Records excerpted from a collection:

==================================================

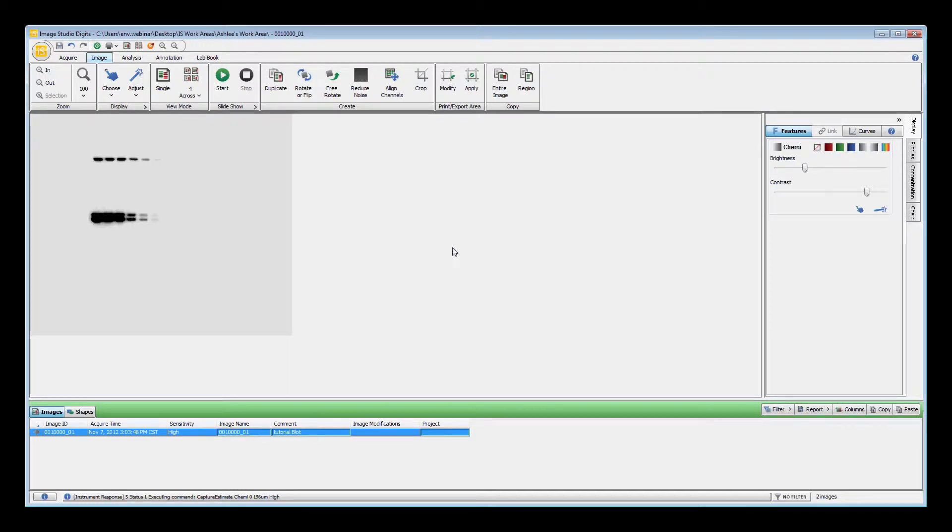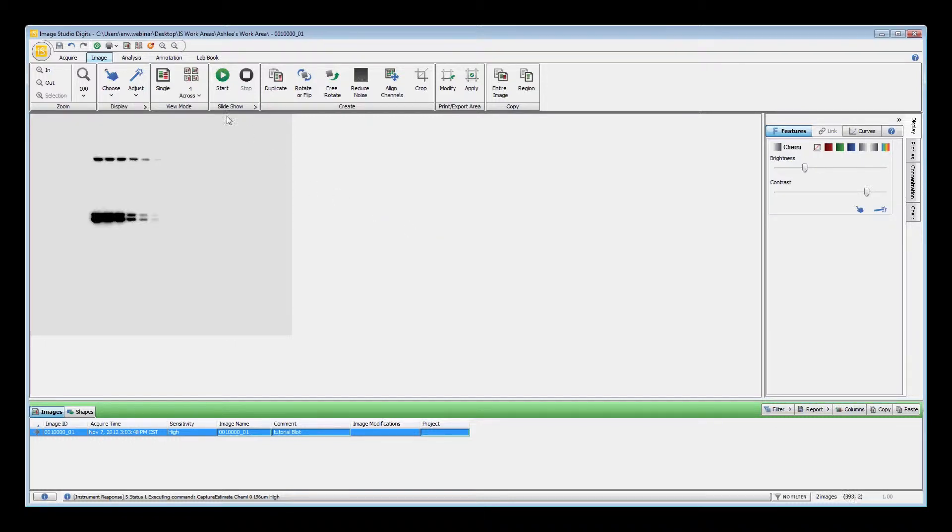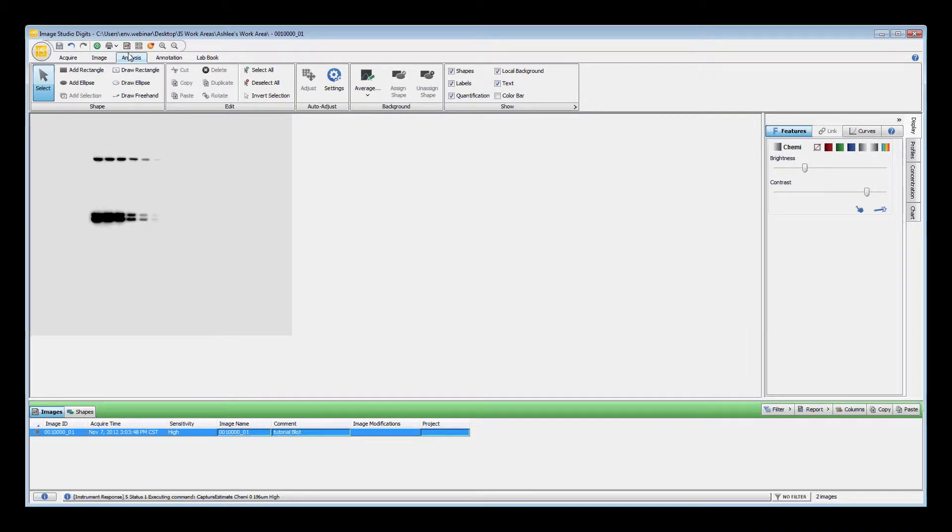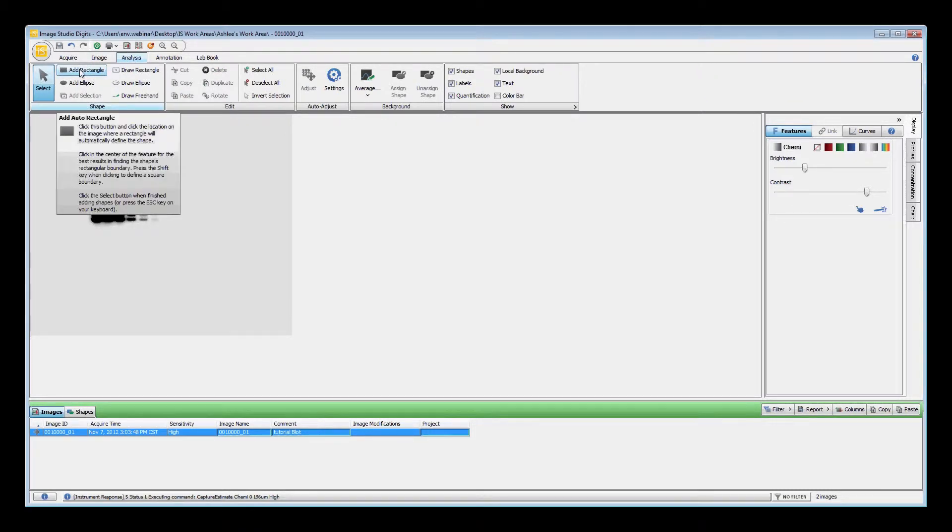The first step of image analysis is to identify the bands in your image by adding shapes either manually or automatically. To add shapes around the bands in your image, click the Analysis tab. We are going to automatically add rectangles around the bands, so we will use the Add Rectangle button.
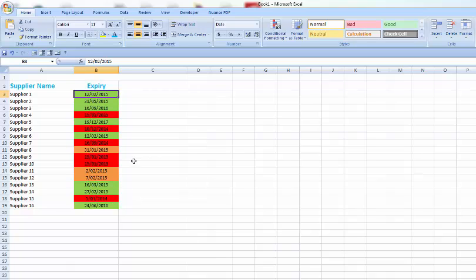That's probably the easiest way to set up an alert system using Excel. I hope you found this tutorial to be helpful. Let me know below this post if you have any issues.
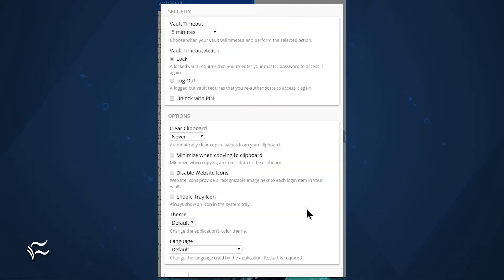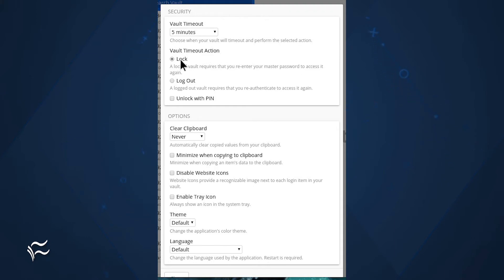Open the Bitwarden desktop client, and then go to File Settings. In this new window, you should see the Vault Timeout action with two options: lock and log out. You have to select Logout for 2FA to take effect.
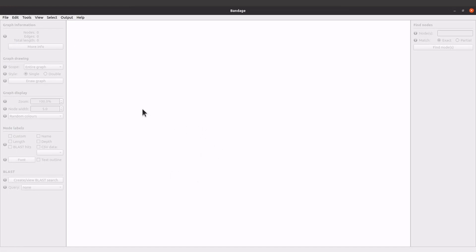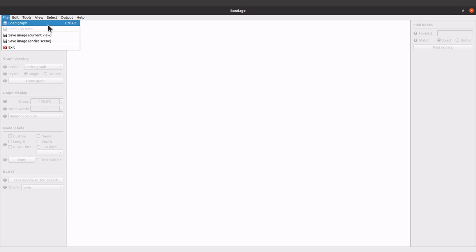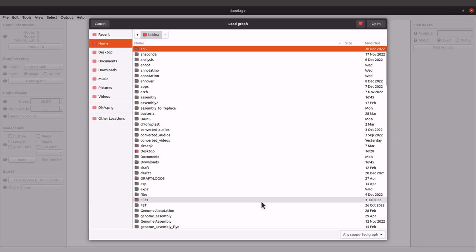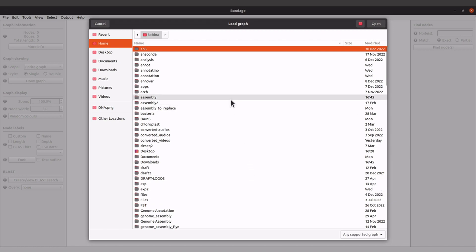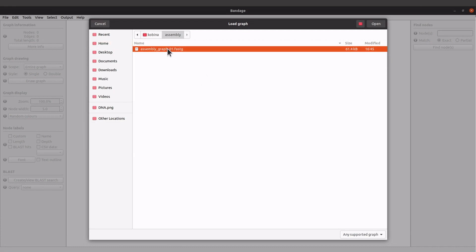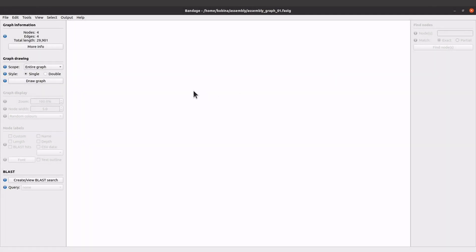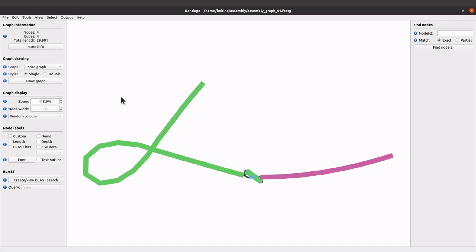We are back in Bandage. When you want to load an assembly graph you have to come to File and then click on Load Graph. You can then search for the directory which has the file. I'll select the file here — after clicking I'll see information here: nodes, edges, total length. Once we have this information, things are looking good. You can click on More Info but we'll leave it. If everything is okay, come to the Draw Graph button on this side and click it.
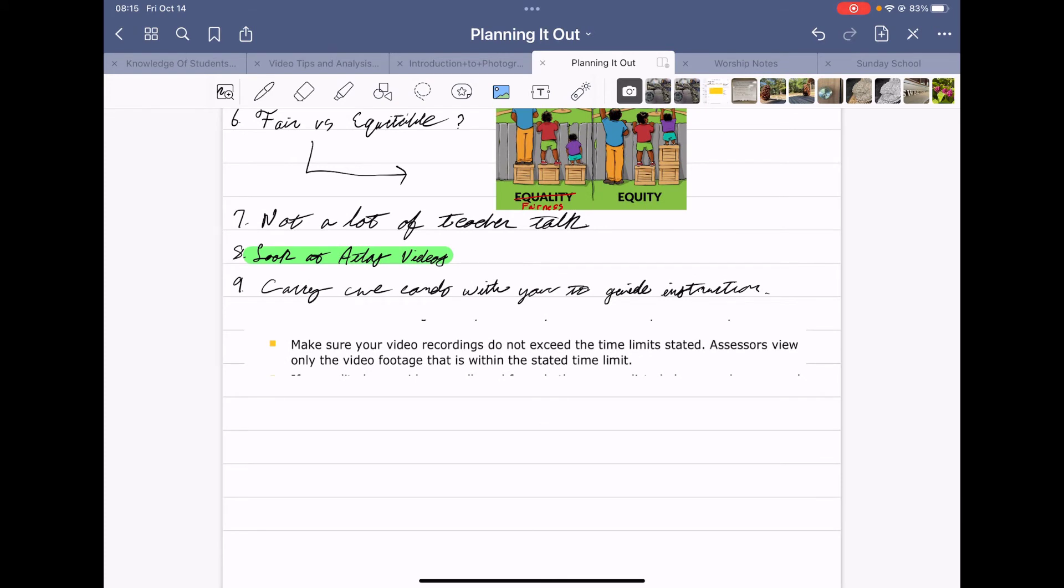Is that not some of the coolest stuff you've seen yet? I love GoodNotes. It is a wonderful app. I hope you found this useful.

==================================================

What you give back must be exactly the lines from the opening line of the entries through the line holding "Open the Bitwarden", with no pictures.

The first step of image analysis is to identify the bands in your image by adding shapes either manually or automatically. To add shapes around the bands in your image, click the Analysis tab. We are going to automatically add rectangles around the bands, so we will use the Add Rectangle button.
That's probably the easiest way to set up an alert system using Excel. I hope you found this tutorial to be helpful. Let me know below this post if you have any issues.
Open the Bitwarden desktop client, and then go to File Settings. In this new window, you should see the Vault Timeout action with two options: lock and log out. You have to select Logout for 2FA to take effect.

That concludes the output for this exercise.